While Jack Lukeman is a charismatic and engaging performer, what set this performance apart was the audio visual element with live action coordinated with striking animation and images projected onto a backdrop. One might think that this extraneous effect would distract from Jack L's compelling stage presence but for the most part it literally added an innovative new dimension to the perfomance and brought colour to a monocrome performing space. A range of images in different styles assemble and are deployed to great effect, sometimes playful, colourful and sometimes monochrome and mimimalist. Portrait images of cigarette toting Brel are followed with childish colourful animated images of bullfighgters and the boulevards of Paris are summoned after a trippy psychedelic kaleidoscope display.
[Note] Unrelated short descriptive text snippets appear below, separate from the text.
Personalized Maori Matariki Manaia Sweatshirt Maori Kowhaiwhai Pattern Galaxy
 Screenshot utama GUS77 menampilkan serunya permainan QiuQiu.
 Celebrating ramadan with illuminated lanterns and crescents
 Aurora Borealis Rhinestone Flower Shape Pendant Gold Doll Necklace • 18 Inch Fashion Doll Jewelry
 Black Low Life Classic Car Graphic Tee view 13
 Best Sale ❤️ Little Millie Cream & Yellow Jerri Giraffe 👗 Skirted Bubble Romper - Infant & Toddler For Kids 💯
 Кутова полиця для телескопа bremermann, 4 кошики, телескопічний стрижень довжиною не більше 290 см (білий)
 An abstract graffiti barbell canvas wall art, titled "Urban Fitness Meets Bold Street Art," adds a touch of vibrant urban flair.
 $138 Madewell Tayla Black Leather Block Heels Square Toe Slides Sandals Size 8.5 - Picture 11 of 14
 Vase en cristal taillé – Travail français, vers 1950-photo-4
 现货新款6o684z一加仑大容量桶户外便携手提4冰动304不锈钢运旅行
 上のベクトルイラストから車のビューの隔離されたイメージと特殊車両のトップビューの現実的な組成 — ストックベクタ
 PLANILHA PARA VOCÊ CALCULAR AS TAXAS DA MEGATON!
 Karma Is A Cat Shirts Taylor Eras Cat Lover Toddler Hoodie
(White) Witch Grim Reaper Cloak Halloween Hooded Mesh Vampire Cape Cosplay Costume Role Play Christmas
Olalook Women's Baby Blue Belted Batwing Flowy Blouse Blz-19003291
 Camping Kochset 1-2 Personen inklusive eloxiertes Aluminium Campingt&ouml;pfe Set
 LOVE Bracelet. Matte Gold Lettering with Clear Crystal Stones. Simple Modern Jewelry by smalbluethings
Most striking perhaps are the sea scenes for probably Brel's most famous song The Port of Amsterdam' (see link below).
Unfortunately some patrons misunderstood the band's mid set departure from the stage and made a break for the bar when stillness was needed for a solo accompanied only by a miniature accordion.
Unamplified for the number Stardust Falling, Jack L demonstrates a powerful voice with great colour and range of pitch and I was left wanting more of the reduced ensemble of voice and piano. Overall, while the overamplification was not as marked as when I had previously heard the artist at this venue, some numbers were too loud for my taste, with drums the dominant musical element in the mix detracting from the splendid voice and making the all important lyrics less discernible.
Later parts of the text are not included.